- **Your goal**:
Could you restate word for word the lines running from the one with "Snapshot of telugutanuja_" to the end of the data, both ends included, but without pictures?

- **Task data**:
★ ★ ★
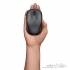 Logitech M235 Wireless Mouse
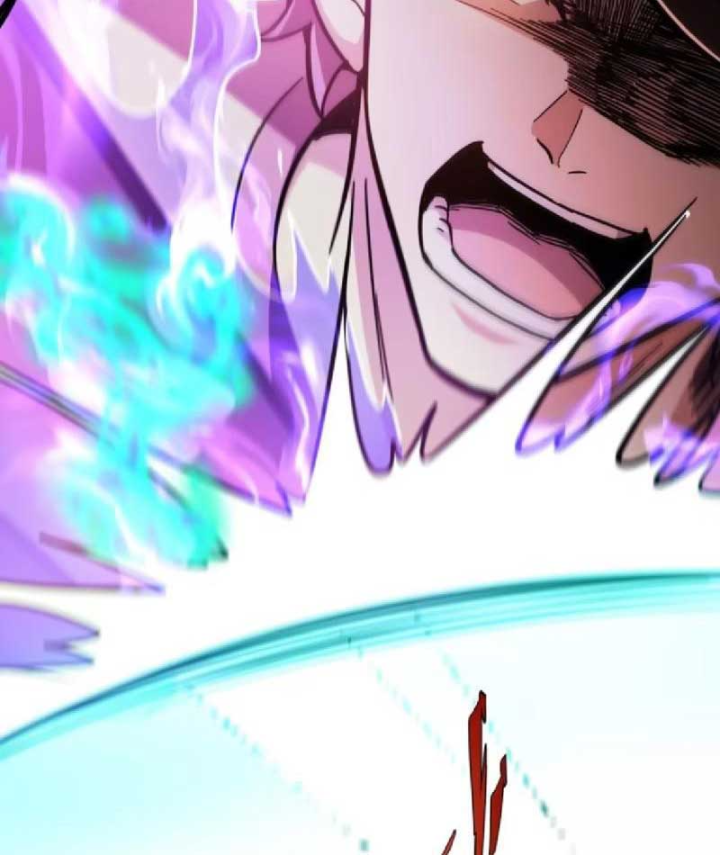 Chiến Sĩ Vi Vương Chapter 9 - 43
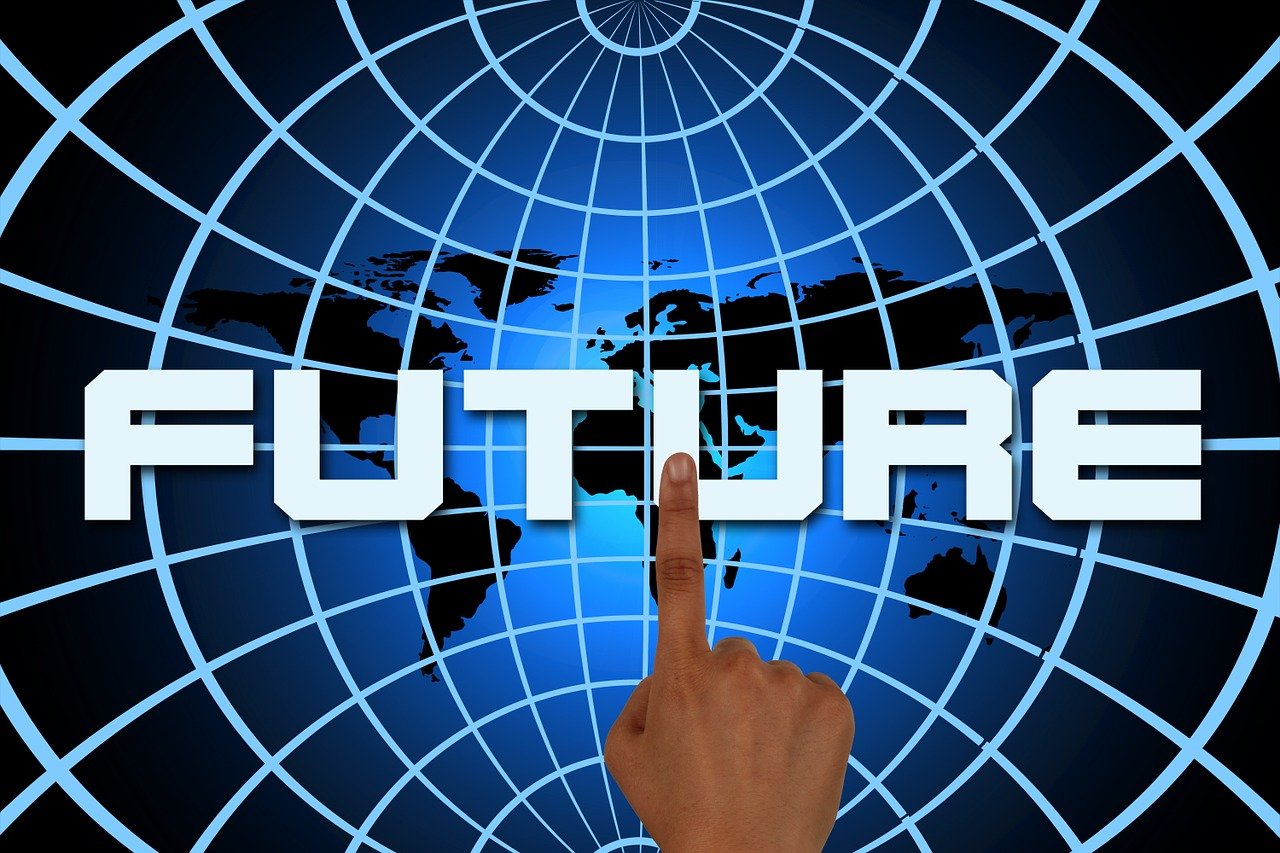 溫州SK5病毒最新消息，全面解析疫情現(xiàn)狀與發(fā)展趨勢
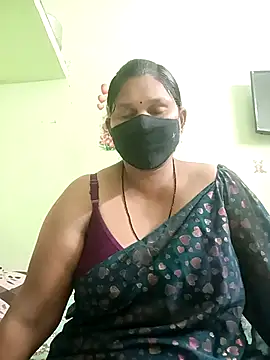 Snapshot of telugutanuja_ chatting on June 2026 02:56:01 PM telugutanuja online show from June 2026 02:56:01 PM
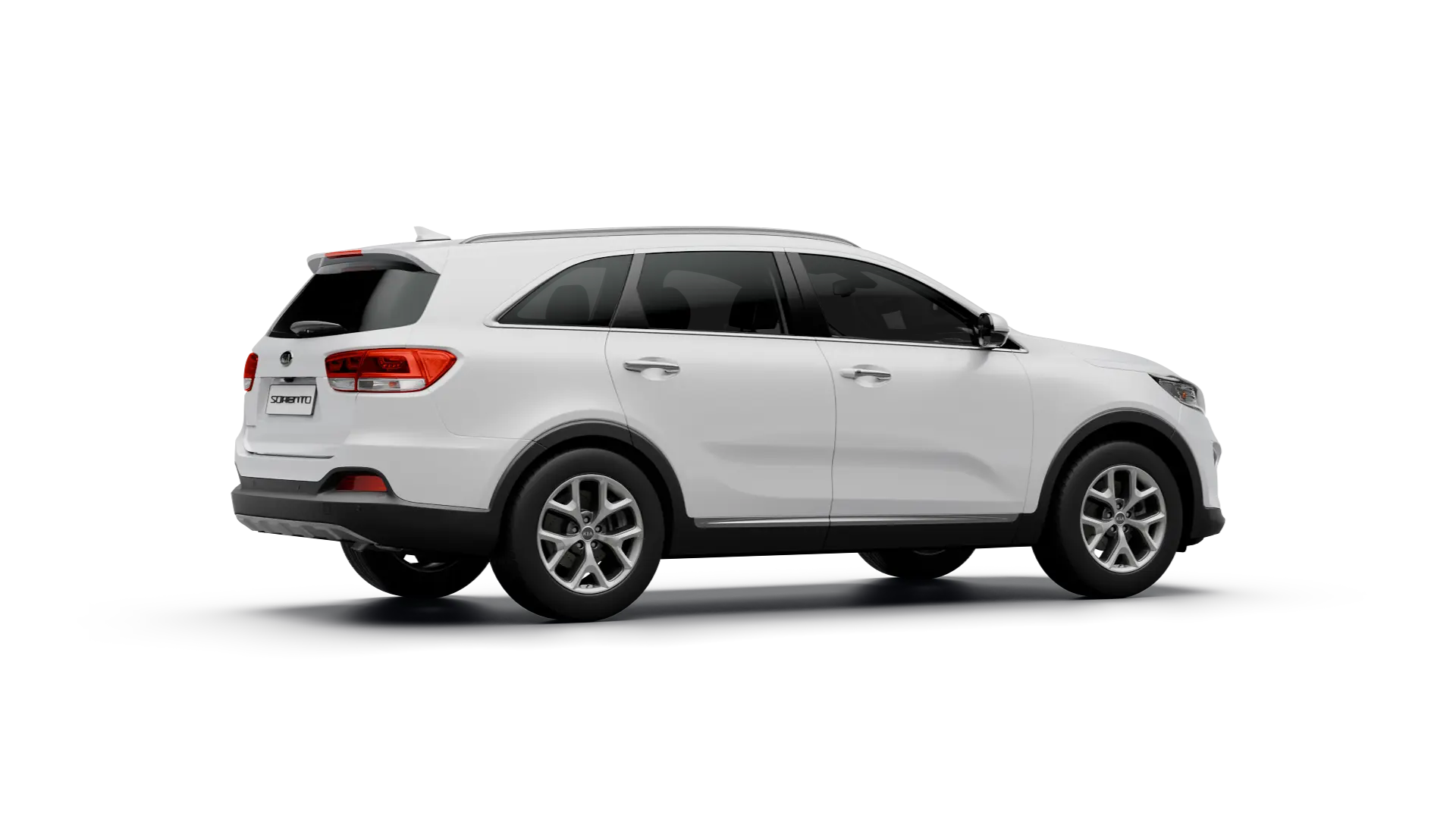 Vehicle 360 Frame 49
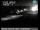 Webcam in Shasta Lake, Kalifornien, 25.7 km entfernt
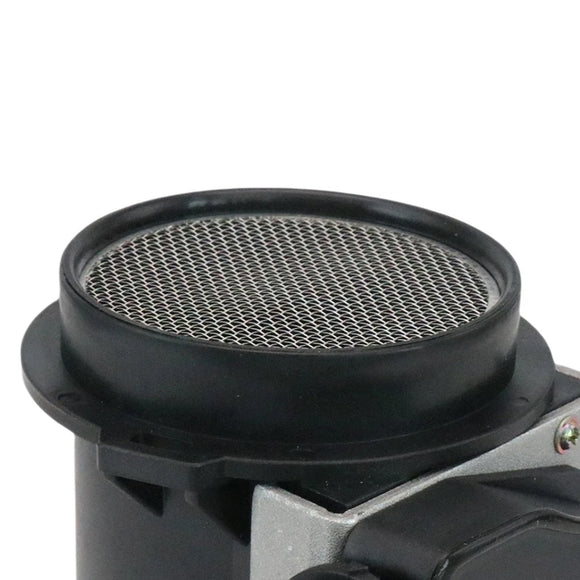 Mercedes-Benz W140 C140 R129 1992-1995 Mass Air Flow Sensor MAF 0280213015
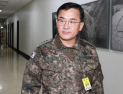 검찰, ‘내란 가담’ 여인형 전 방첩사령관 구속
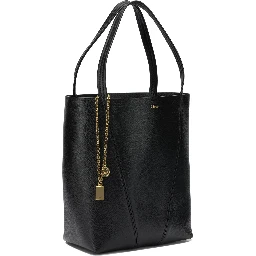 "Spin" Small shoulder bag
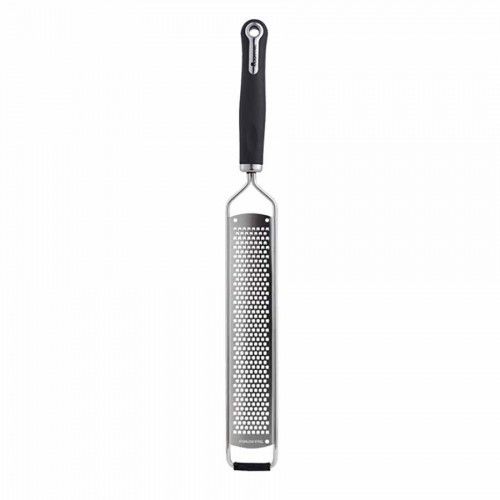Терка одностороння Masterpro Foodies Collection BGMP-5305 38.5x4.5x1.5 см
★ ★ ★
- **Finished task**:
 Snapshot of telugutanuja_ chatting on June 2026 02:56:01 PM telugutanuja online show from June 2026 02:56:01 PM
 Vehicle 360 Frame 49
 Webcam in Shasta Lake, Kalifornien, 25.7 km entfernt
 Mercedes-Benz W140 C140 R129 1992-1995 Mass Air Flow Sensor MAF 0280213015
 검찰, ‘내란 가담’ 여인형 전 방첩사령관 구속
 "Spin" Small shoulder bag
Терка одностороння Masterpro Foodies Collection BGMP-5305 38.5x4.5x1.5 см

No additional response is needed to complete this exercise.